SUPPLIED DATA START
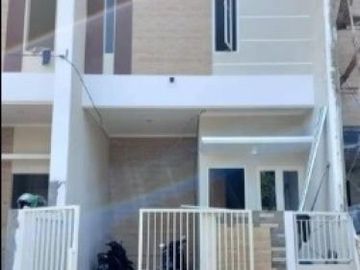 Rumah Baru Minimalis Nginden Intan Dekat Pusat Kota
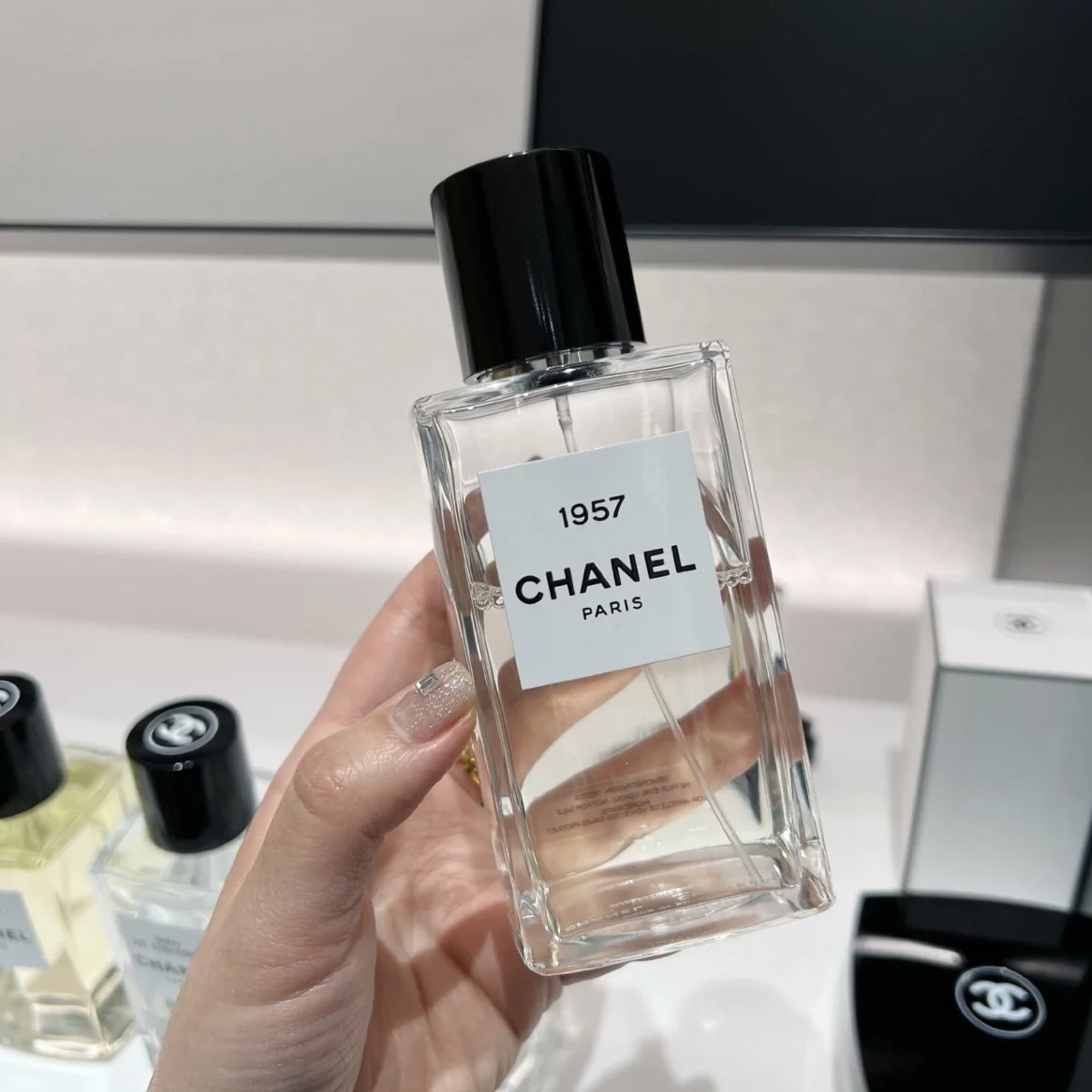 CHANEL 1957 香水 200ml 1957 LES EXCLUSIFS DE CHANEL – Eau de Parfum - 2.5 FL. OZ. | CHANEL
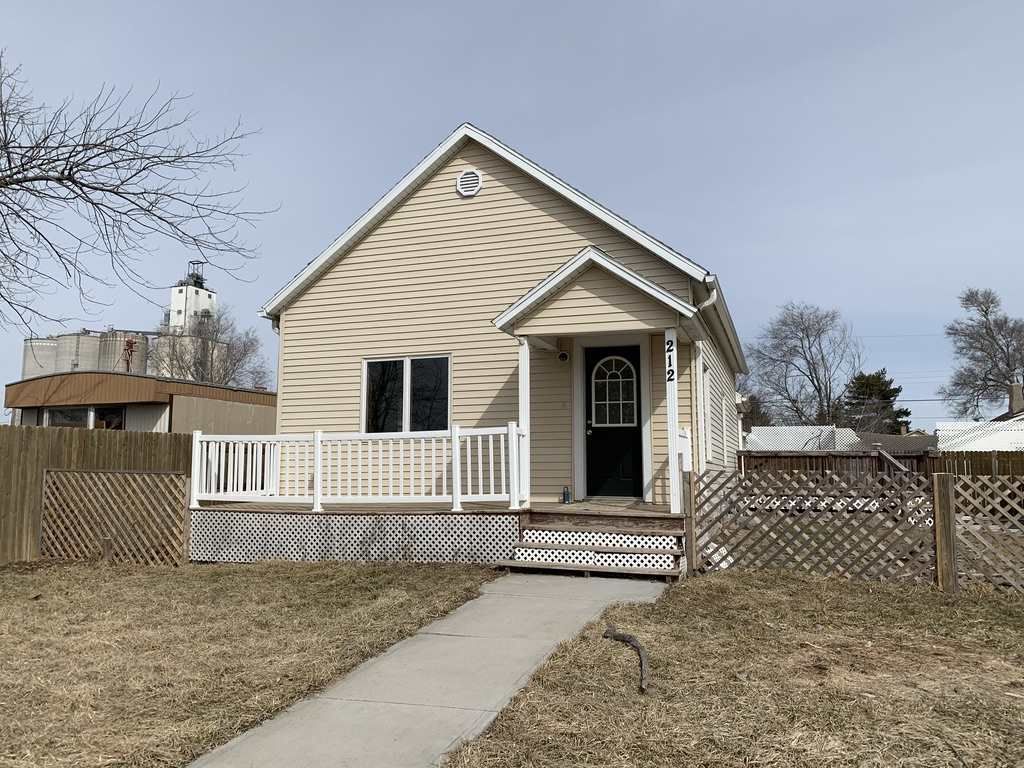 212 W Arendt Ave, Elm Creek, NE 2 Bed, 2 Bath SingleFamily Home 15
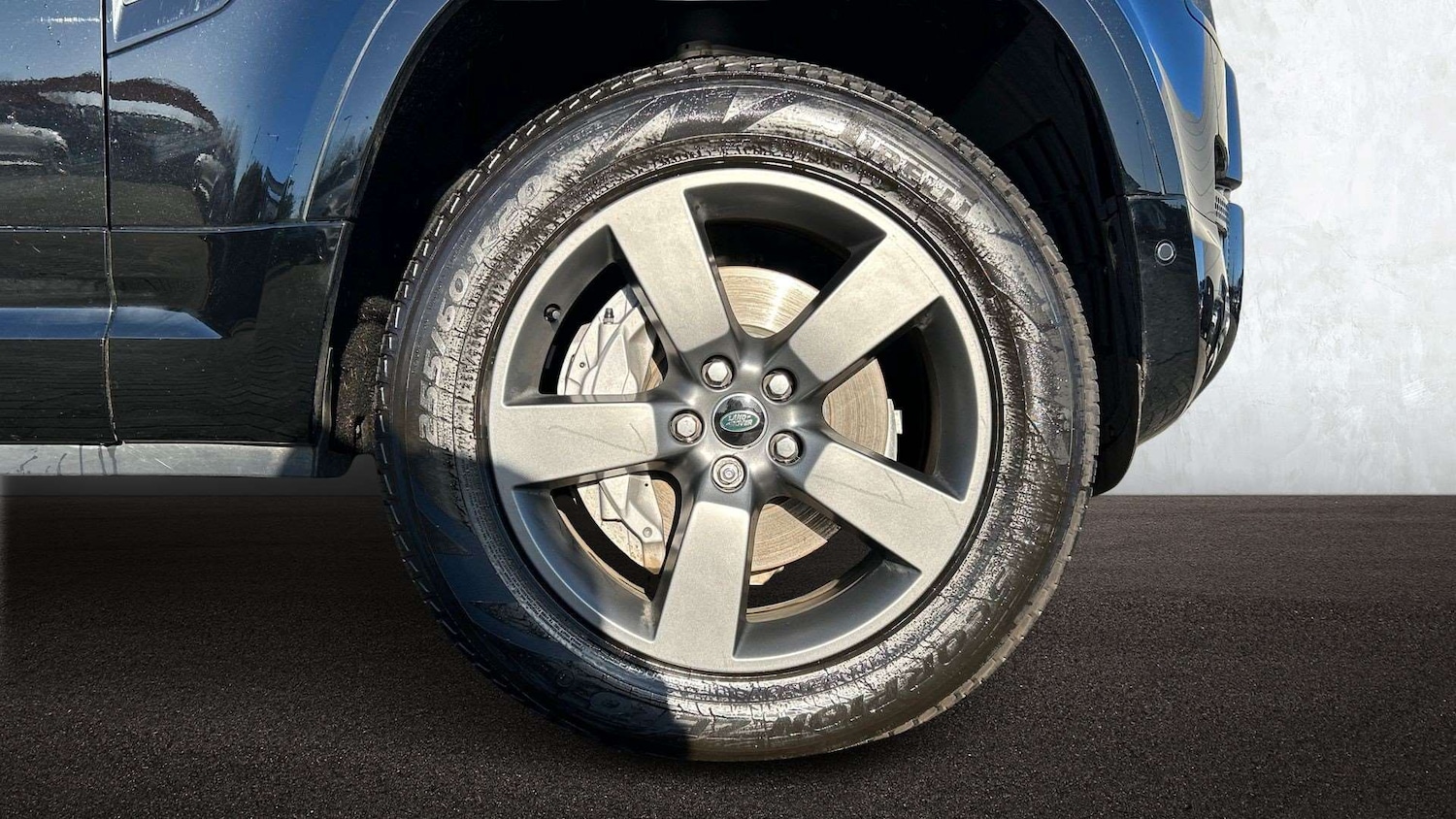 Used Land Rover Defender 2025 for sale - 77147355: Photo 8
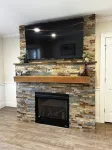 Luxury Condo at Cranmore Mountain in North Conway!! Heated Pool & Hot Tub!!!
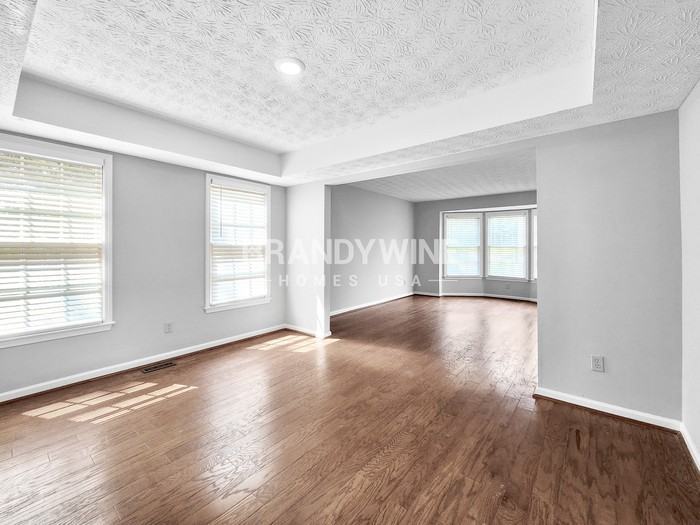 4902 Fielding Way - Photo 5 of 20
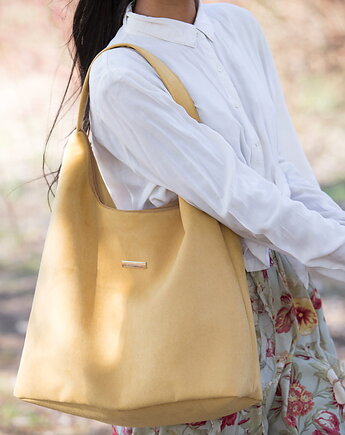 Torba HOBO z miodowego nubuku tapicerskiego, Karolina Audycka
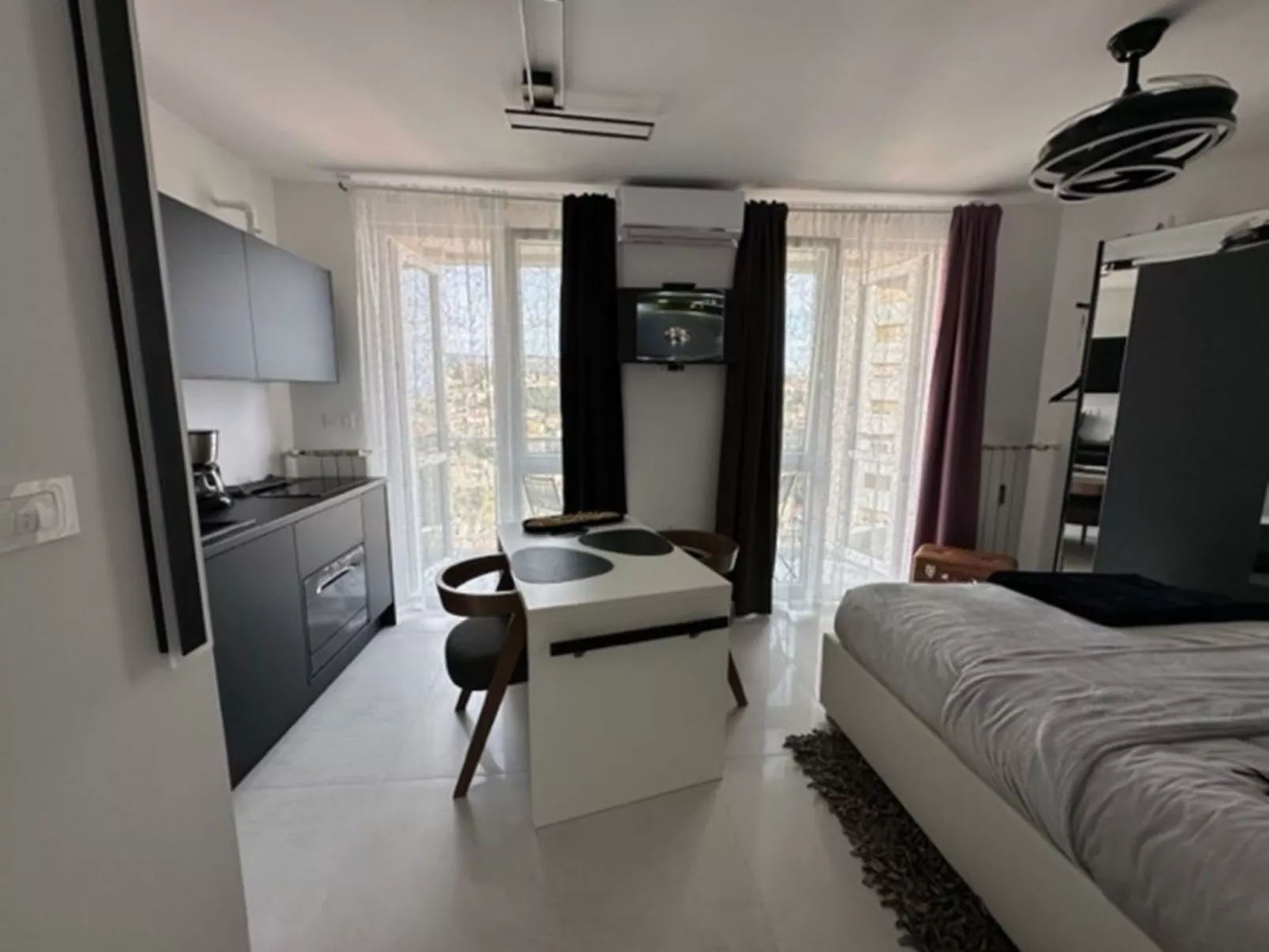 Fiorino Apartment-Studio Rijeka mit Balkon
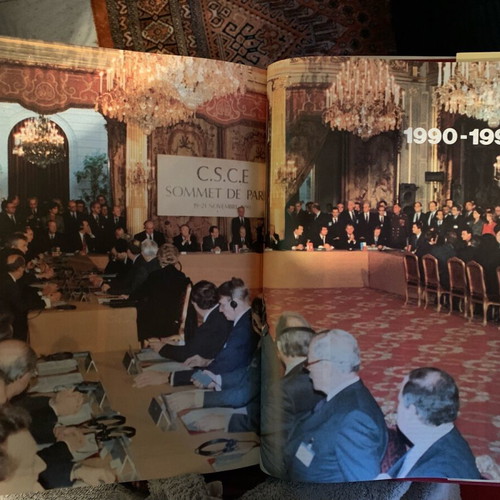 Chronicle of the 20th Century book like new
SUPPLIED DATA END
Where a record holds a picture, skip the picture and copy everything else exactly.

FINAL ANSWER:
 Rumah Baru Minimalis Nginden Intan Dekat Pusat Kota
 CHANEL 1957 香水 200ml 1957 LES EXCLUSIFS DE CHANEL – Eau de Parfum - 2.5 FL. OZ. | CHANEL
 212 W Arendt Ave, Elm Creek, NE 2 Bed, 2 Bath SingleFamily Home 15
 Used Land Rover Defender 2025 for sale - 77147355: Photo 8
 Luxury Condo at Cranmore Mountain in North Conway!! Heated Pool & Hot Tub!!!
 4902 Fielding Way - Photo 5 of 20
 Torba HOBO z miodowego nubuku tapicerskiego, Karolina Audycka
 Fiorino Apartment-Studio Rijeka mit Balkon
 Chronicle of the 20th Century book like new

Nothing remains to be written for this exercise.